▶ _Given data_
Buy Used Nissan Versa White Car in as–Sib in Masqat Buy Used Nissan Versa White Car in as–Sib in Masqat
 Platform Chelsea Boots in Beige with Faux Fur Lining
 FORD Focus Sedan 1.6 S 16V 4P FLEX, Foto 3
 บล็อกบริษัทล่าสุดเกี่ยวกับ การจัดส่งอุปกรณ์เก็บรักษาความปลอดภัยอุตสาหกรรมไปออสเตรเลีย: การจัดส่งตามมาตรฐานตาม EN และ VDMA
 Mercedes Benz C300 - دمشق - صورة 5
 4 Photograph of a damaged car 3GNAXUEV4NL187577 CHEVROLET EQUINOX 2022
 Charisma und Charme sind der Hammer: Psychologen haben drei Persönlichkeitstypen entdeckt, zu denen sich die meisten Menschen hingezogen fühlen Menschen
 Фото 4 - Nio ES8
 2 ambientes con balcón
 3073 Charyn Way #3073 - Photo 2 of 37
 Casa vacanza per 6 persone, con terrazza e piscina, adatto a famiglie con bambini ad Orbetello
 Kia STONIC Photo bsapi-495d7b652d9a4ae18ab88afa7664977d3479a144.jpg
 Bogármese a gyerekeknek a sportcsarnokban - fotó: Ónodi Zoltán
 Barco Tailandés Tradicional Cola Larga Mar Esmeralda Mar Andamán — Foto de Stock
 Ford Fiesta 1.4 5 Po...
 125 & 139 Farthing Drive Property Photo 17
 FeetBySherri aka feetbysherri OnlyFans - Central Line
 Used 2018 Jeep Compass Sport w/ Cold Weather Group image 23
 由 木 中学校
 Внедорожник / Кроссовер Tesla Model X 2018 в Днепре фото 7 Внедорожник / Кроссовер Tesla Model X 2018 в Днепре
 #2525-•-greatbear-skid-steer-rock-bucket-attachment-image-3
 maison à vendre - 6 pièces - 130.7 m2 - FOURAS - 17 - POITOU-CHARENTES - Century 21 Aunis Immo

▶ _Work instruction_
Find the line with "Mercedes Benz C300 - دمشق - صورة 5" in the entries above. Retype it and each line after it, exactly, through the line with "3073 Charyn Way #3073 - Photo 2 of 37", and stop there.

▶ _Output for this task_
 Mercedes Benz C300 - دمشق - صورة 5
 4 Photograph of a damaged car 3GNAXUEV4NL187577 CHEVROLET EQUINOX 2022
 Charisma und Charme sind der Hammer: Psychologen haben drei Persönlichkeitstypen entdeckt, zu denen sich die meisten Menschen hingezogen fühlen Menschen
 Фото 4 - Nio ES8
 2 ambientes con balcón
 3073 Charyn Way #3073 - Photo 2 of 37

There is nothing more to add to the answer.